* [PROBLEM DETAILS]
Below this line are records; transcribe exactly the lines between the one holding "Great Deal Furniture" and the one holding "2016-2018 Chevrolet Spark", inclusive, and omit the pictures.

* [RECORDS]
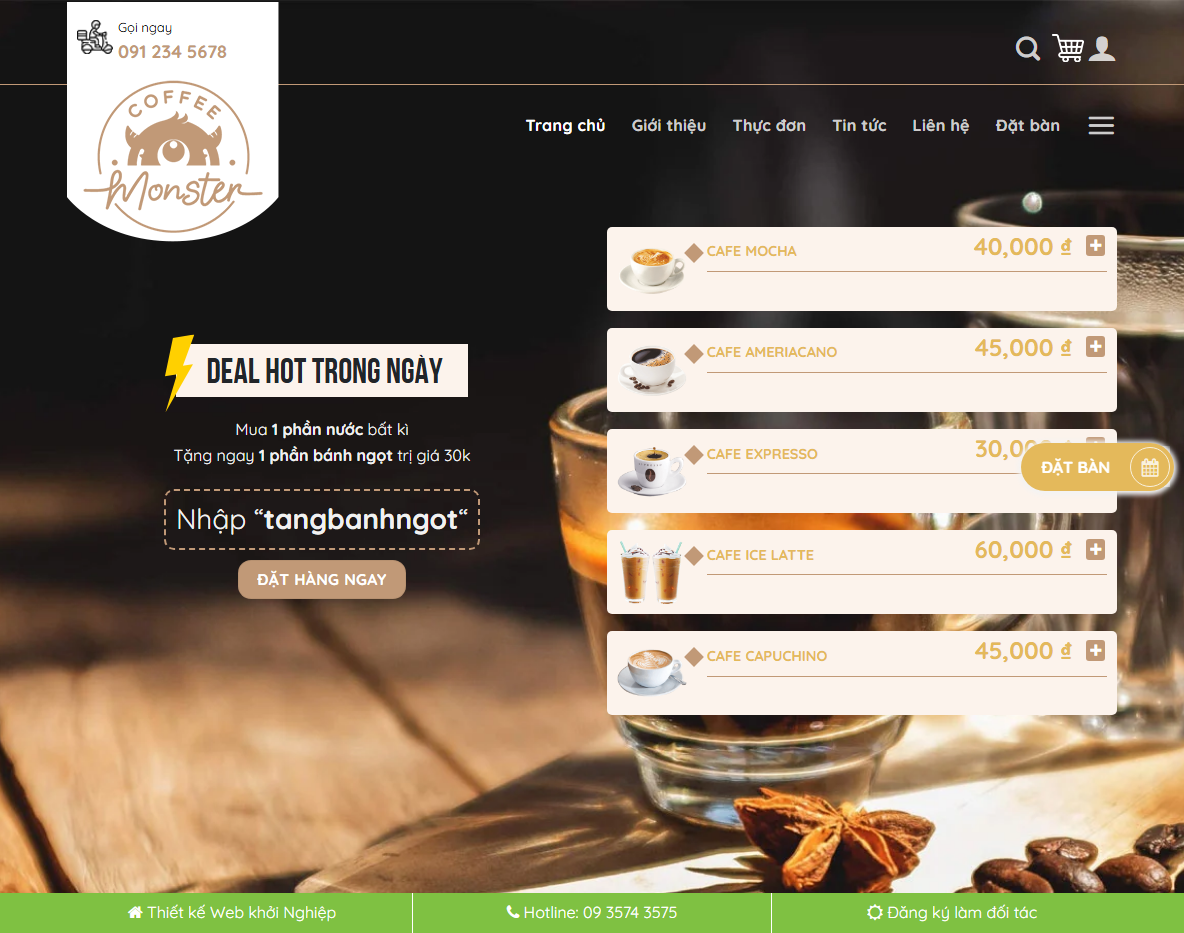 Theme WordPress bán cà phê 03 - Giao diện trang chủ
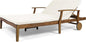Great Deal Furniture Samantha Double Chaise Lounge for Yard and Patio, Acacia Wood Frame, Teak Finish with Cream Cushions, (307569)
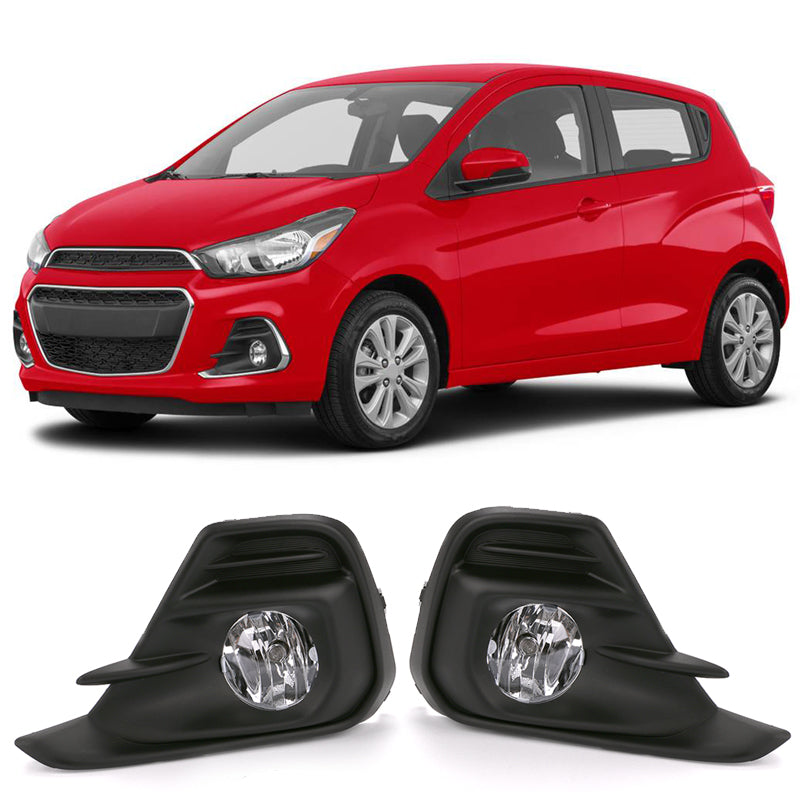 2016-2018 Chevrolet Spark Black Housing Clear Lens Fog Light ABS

==

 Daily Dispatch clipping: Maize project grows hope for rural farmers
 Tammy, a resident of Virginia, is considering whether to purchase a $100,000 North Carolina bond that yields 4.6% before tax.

* * *

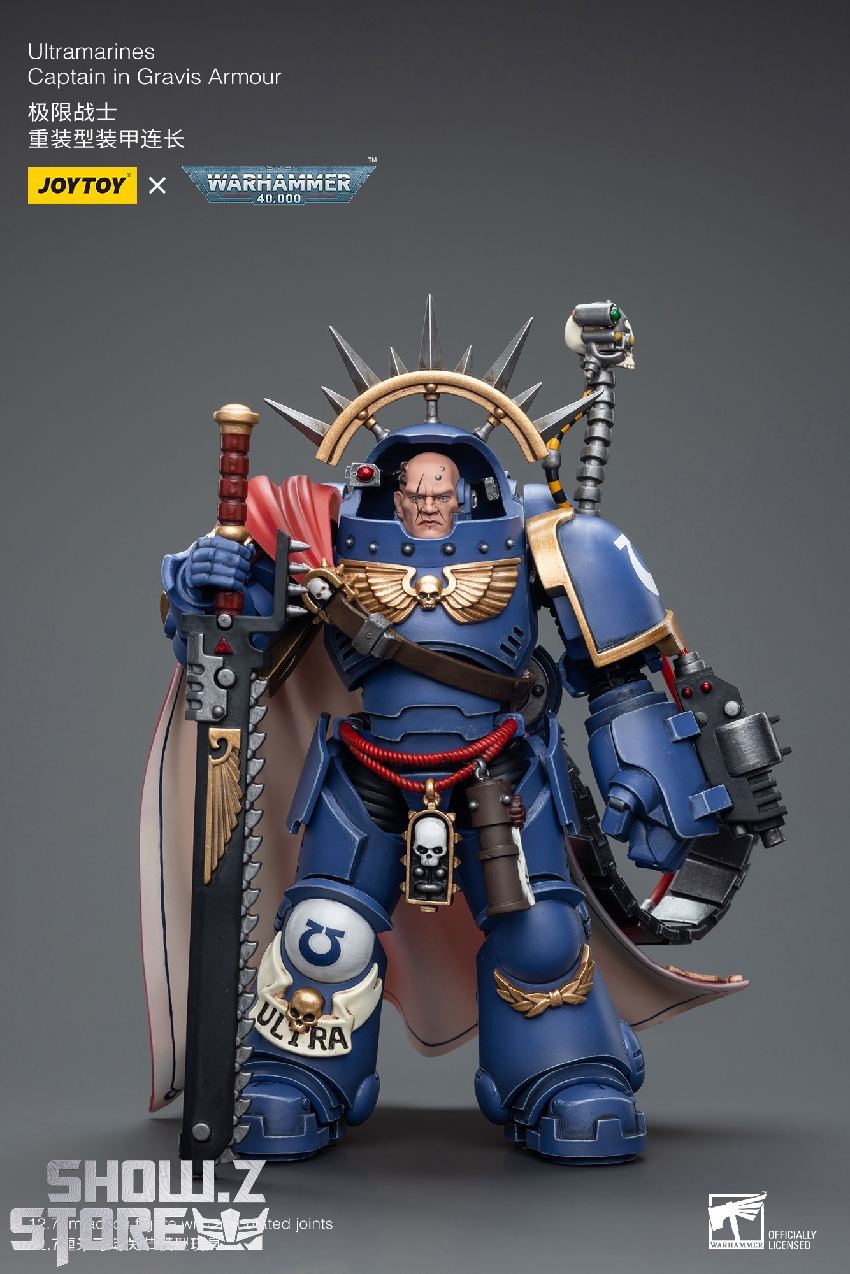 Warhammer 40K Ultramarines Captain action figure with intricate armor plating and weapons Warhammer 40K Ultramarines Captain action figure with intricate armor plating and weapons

* [ANSWER SPACE]
Great Deal Furniture Samantha Double Chaise Lounge for Yard and Patio, Acacia Wood Frame, Teak Finish with Cream Cushions, (307569)
 2016-2018 Chevrolet Spark Black Housing Clear Lens Fog Light ABS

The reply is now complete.